Task Force Baum - Camp Hammelburg

Camp Hammelburg

Camp Hammelburg, located just 1.8 miles (3 km) south from its namesake town, was originally used as a military training ground before World War I and again before World War II. It was converted into two separate POW camps during the second war. One camp (Stalag XIII-C) was for Allied enlisted men, while the other (Oflag XIII-B) was used for Allied officers.

Originally, all of the Oflag camp’s occupants were Serb officers. The camp was later split into sections of American officers on one side and Serbs in the other. Most of the American portion of the camp was hastily upgraded in January 1945 after an influx of POWs from the Battle of the Bulge, which began 16 December of the previous year.
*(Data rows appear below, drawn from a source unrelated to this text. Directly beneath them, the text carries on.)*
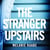 The Stranger Upstairs
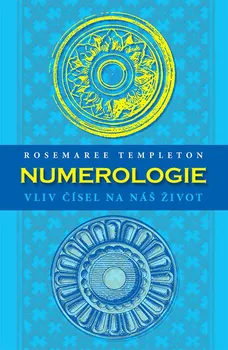 Numerologie: Vliv čísel na náš život - Rosemaree Templeton (2019, pevná) 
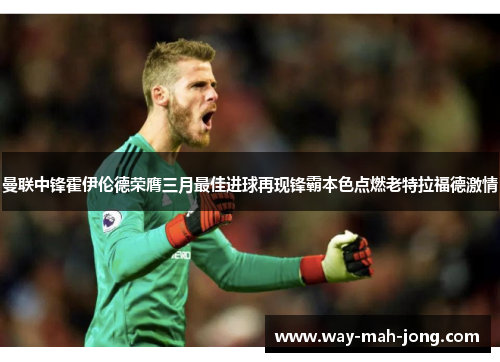 曼联中锋霍伊伦德荣膺三月最佳进球再现锋霸本色点燃老特拉福德激情
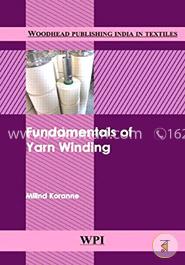 Fundamentals of Yarn Winding (Woodhead Publishing India in Textiles)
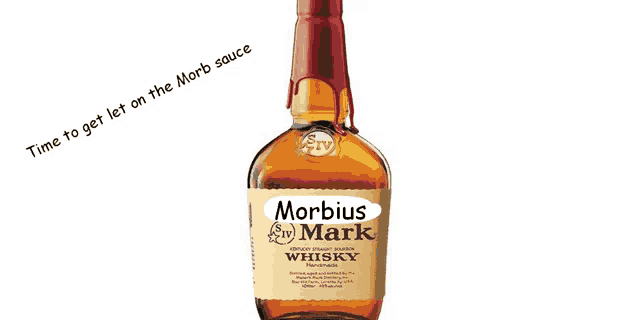 a bottle of morbidus mark whiskey with a sticker on it that says time to get let on the morb sauce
As Soviets continued a westward advance toward Germany in the winter of 1944, the POW camp Oflag 64 in Schubin, Poland was emptied of its prisoners on 21 January 1945. In the dead of winter, 1,290 POWs headed west into Germany, then south toward Hammelburg. Among them was Lt. Col. John K. Waters, General Patton’s son-in-law, who had been captured in Tunisia in February 1943. Col. Paul Goode, the senior ranking officer at the camp, kept a list of the men in his ranks, which would have helped U.S. intelligence keep track of where the officers were. Traveling 340 miles (547 km)—mostly by foot—in 7 weeks time, the men arrived at their destination on 9 March.
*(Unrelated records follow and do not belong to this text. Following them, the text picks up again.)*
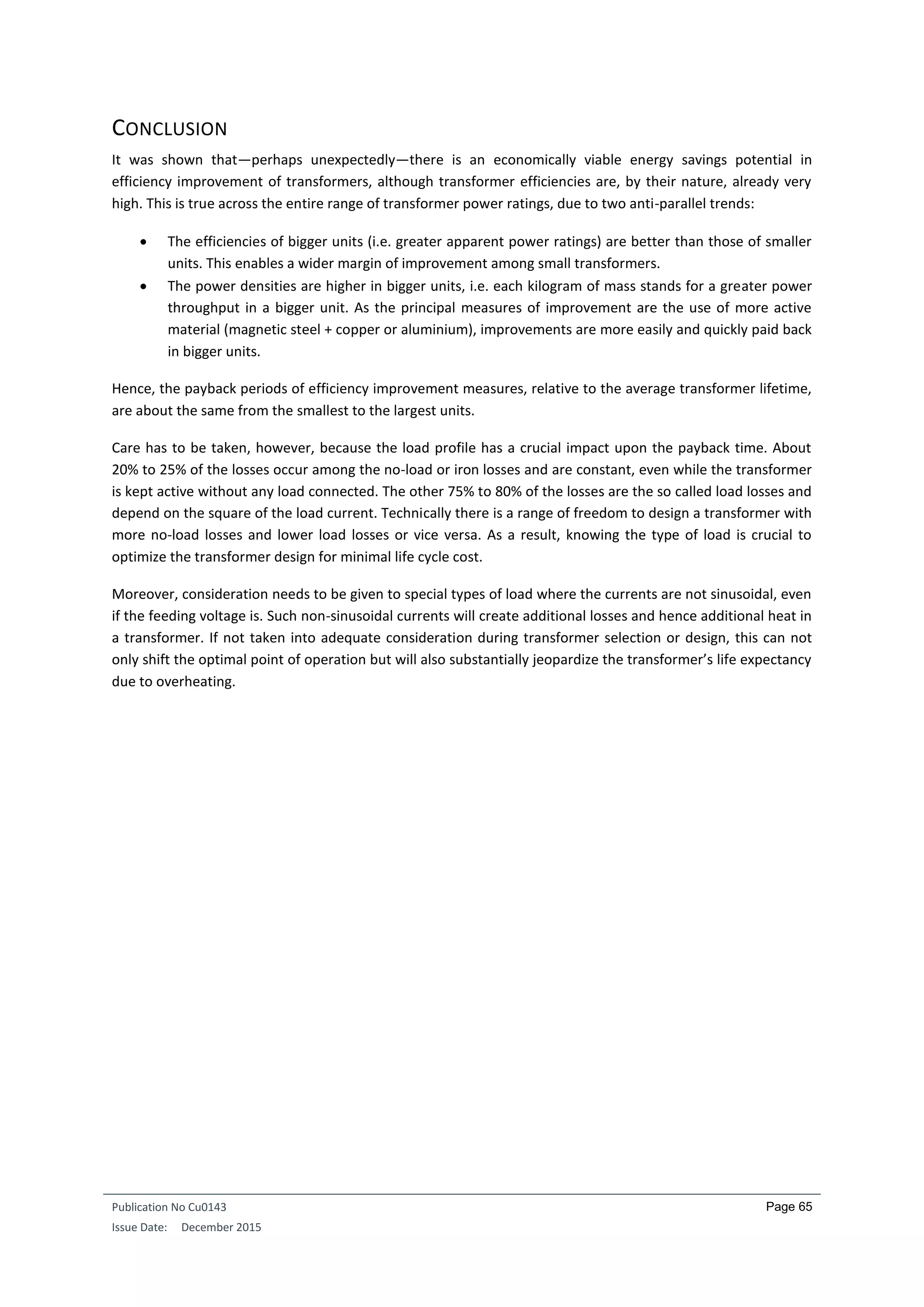 Publication No Cu0143
Issue Date: December 2015
Page 65
CONCLUSION
It was shown that—perhaps unexpectedly—there is an economically viable energy savings potential in
efficiency improvement of transformers, although transformer efficiencies are, by their nature, already very
high. This is true across the entire range of transformer power ratings, due to two anti-parallel trends:
 The efficiencies of bigger units (i.e. greater apparent power ratings) are better than those of smaller
units. This enables a wider margin of improvement among small transformers.
 The power densities are higher in bigger units, i.e. each kilogram of mass stands for a greater power
throughput in a bigger unit. As the principal measures of improvement are the use of more active
material (magnetic steel + copper or aluminium), improvements are more easily and quickly paid back
in bigger units.
Hence, the payback periods of efficiency improvement measures, relative to the average transformer lifetime,
are about the same from the smallest to the largest units.
Care has to be taken, however, because the load profile has a crucial impact upon the payback time. About
20% to 25% of the losses occur among the no-load or iron losses and are constant, even while the transformer
is kept active without any load connected. The other 75% to 80% of the losses are the so called load losses and
depend on the square of the load current. Technically there is a range of freedom to design a transformer with
more no-load losses and lower load losses or vice versa. As a result, knowing the type of load is crucial to
optimize the transformer design for minimal life cycle cost.
Moreover, consideration needs to be given to special types of load where the currents are not sinusoidal, even
if the feeding voltage is. Such non-sinusoidal currents will create additional losses and hence additional heat in
a transformer. If not taken into adequate consideration during transformer selection or design, this can not
only shift the optimal point of operation but will also substantially jeopardize the transformer’s life expectancy
due to overheating.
By the time the men from Schubin arrived at OFLAG XIII-B, the numbers in the officer camp swelled to over 1,400, though it was by far less than the estimated 5,000-man population in the enlisted men’s camp by that time.
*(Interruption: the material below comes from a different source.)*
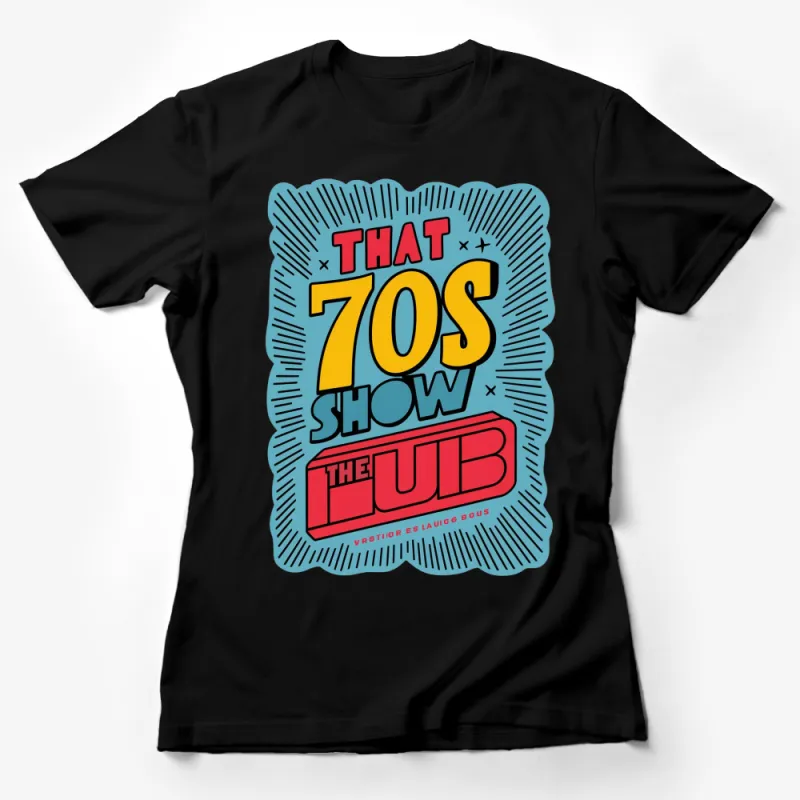 That 70s Show The Club Retro Style T-Shirt, Vintage Graphic Tee, Colorful Casual Shirt, Gift for TV Show Fans Female T-Shirt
Conditions at the camp were miserable for both the prisoners and their guards. The winter of 1944 was considered one of the coldest on record. The seven 5-room buildings each were crowded with two hundred men. One fifty-square-foot (5 m²) room was to house 40 prisoners on bunk beds, while coal was rationed out to heat the furnaces at a rate of just 48 briquettes per stove every 3 days. Although some men were able to scavenge for wood nearby, it still was not enough to keep the soldiers warm. The average temperature in the rooms at any time was estimated to be 20 °F (−7 °C).

Food was just as scarce as heat. Initially, the men in camps were given a diet of 1,700 calories (7,100 kJ) a day, well below the 2000 calories recommended daily allowance for men doing no work. This was cut even more as supplies ran low and the camp population increased, until an estimated 1070 calories (4,480 kJ) were distributed daily. Many men in the camp suffered dramatic weight loss of more than 50 pounds (23 kilograms) and atrophy of muscles because of the lack of food and subsequent immobility. Dysentery due to unsterile conditions and utensils further weakened many men in the camp.